Aku pun memberitahu polisi tersebut isi tasku. Ada HP, uang dan berbagai surat penting.
"Repotnya harus mengurus KTP, STNK, SIM, ATM dan lainnya itu!" keluhku lirih dan sedih.
Kulihat polisi itu mendengar keluhanku. Tapi seperti pura-pura tidak mendengar. "Ibu tadi dari mana? Kenapa malam masih di jalan?"
"Saya baru pulang kerja, Pak. Saya kerja di koran. Rumah saya sebenarnya sudah dekat dari sini. Saya tidak menyangka kena jambret di dekat rumah saya," kataku dengan suara sedih. Tetiba aku ingin menangis. Sedih sekali rasanya, dijambret justru di dekat rumah sendiri.
"Memangnya Ibu tinggal di mana?" tanya polisi yang menurutku sangat baik itu.
"Rumah saya masuk gang, sebelah kanan, di depan kejadian tadi, Pak," ujarku.
Polisi itu nampak menganggukkan kepalanya. "Sebenarnya, saya kira tadi Ibu kena tabrak. Makanya saya berhenti. Saya tadi baru dari apotek dan lewat dari jalan itu," jelasnya.
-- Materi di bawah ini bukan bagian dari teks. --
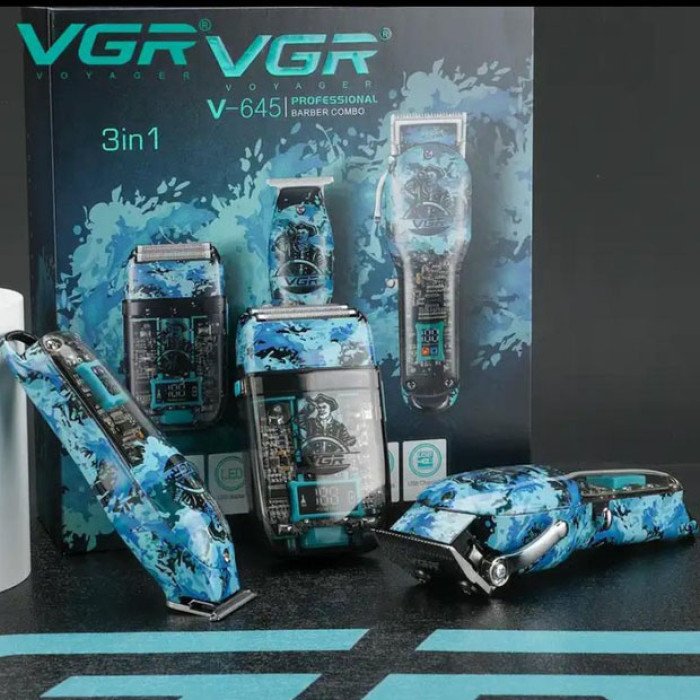 Професійний Набір 3в1 Professional Set VGR V-645 тример, машинка для стрижки волосся та електробритва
Ia mengatakan, karena tugasnya sebagai polisi lalu lintas, ia harus berhenti ketika melihat ada kejadian di jalan raya.
"Sekarang Ibu mau bikin laporan pengaduan ke kantor polisi atau bagaimana?" tanyanya lagi.
"Iya, saya mau melapor ke kantor polisi, Pak!"
Polisi itu mengambil handy talky dari dalam mobilnya. Kudengar dia melaporkan telah terjadi penjambretan dan meminta polisi yang berwenang menangani kejadian yang menimpaku, datang ke tempat aku dan polisi itu menunggu.